History
The Hispano-Suiza V8 engine, was one of the most successful engines of world
war one. The company was formed in 1901 resulting from the meeting between the famous
Swiss engineer Marc Birkigt and a Spanish banker Damian Mateu. It was the first engine
to use an alloy block with steel liners screwed in for each cylinder. As a result
it weighed only 300 pounds. An astonishing 50,000 were made by the time it went out
of production in the late 1920's. Numerous companies made the engine under licence;
five in France; Wolsley in Britain; Wright in the USA where it powered the famous
Curtiss Jenny trainer.
The Hispano-Suiza 8BE is a Vee-type, eight-cylinder, liquid-cooled aviation engine
of 220 hp that drives the propeller through a reduction gearing system. It is one
of the series of 150 to 340 hp V-8 engines of similar basic design produced by Hispano-Suiza
(or license-built by other manufacturers) during and after World War I. Hispano-Suiza,
or "Hisso," engines were especially compact for the amount of power produced.

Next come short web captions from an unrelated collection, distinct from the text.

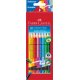 FABER-CASTELL Dreikant-Buntstifte Colour GRIP, 10er Etui mit Radierer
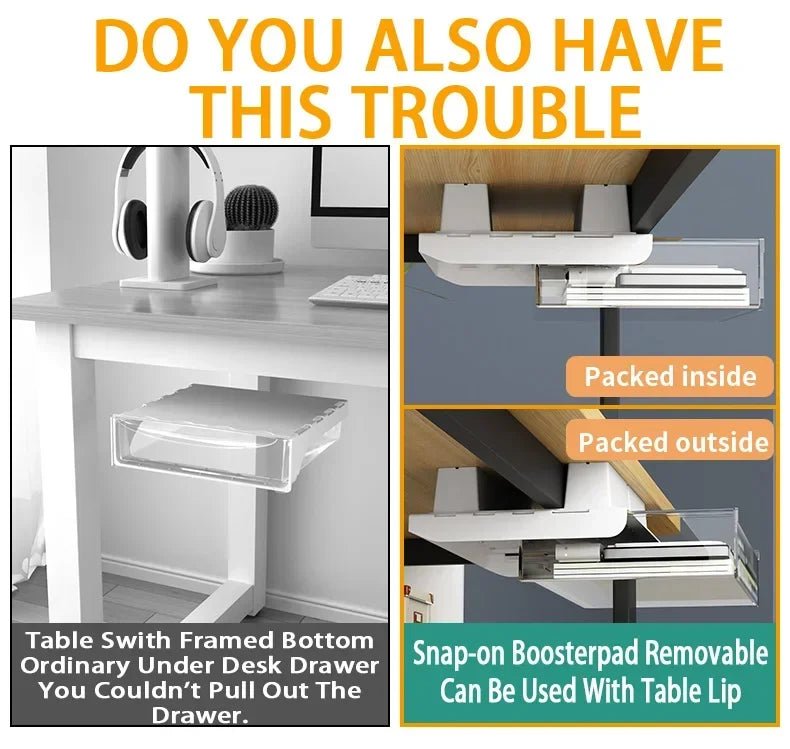 Self-Adhesive Under-Desk Storage Drawer – Clear Medium - InspiredGrabs.com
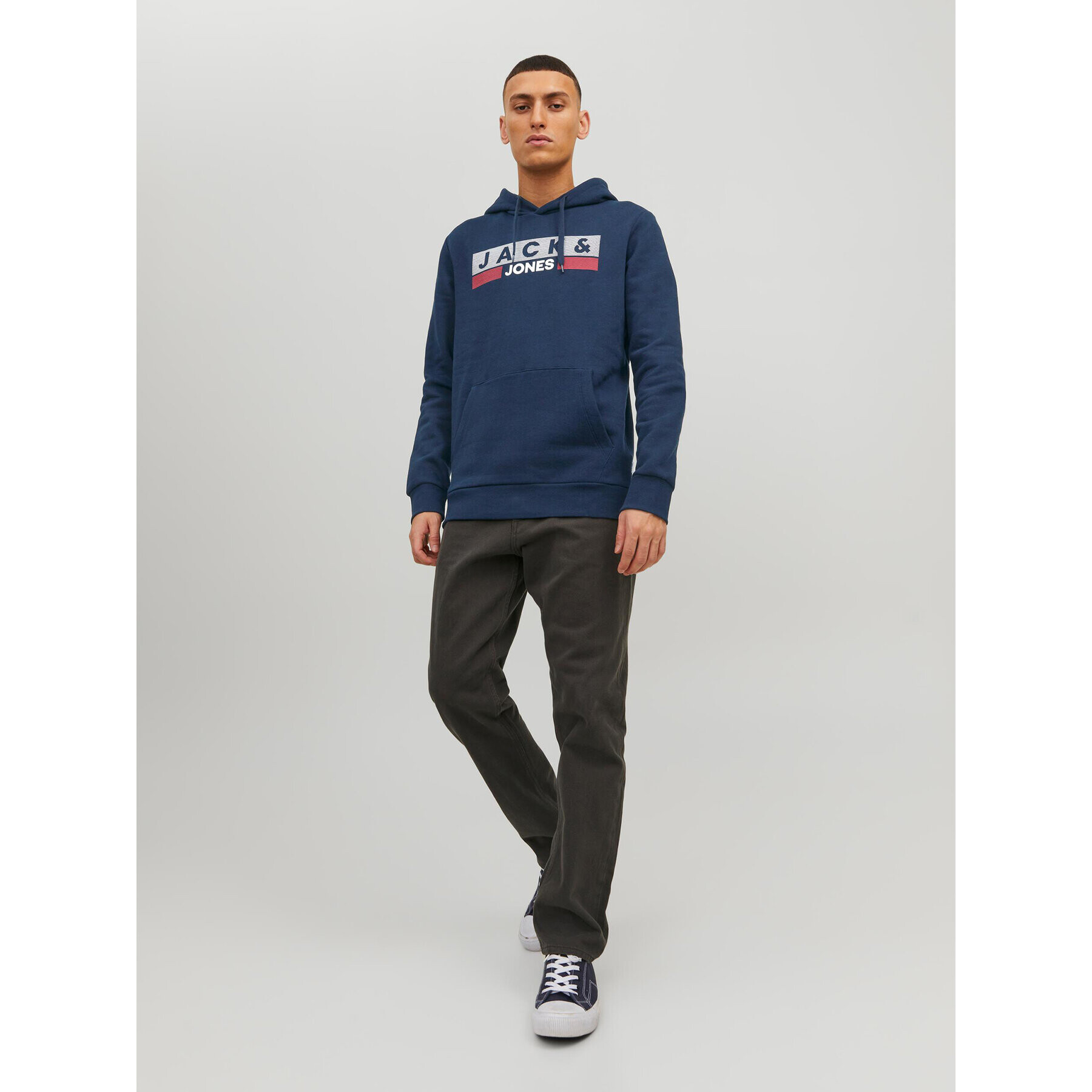 Jack&Jones Mikina Corp Logo 12152840 Tmavomodrá Regular Fit - Pepit.cz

They
were used in numerous types of aircraft including models of the SPAD. American versions
of the 150 hp Hispano A, built under license by Wright-Martin, were used in later
models of the Curtiss JN-4 trainer as well as the JN-6, the Lewis and Vought VE-7,
Consolidated PT-1, and other American aircraft.
More powerful ‘Hissos’ were used in the U.S. assembled SE-5E.
The engine illustrated is similar to those typically used in such aircraft as the
Caudron R-11, the SPAD XI, and the SPAD XIII.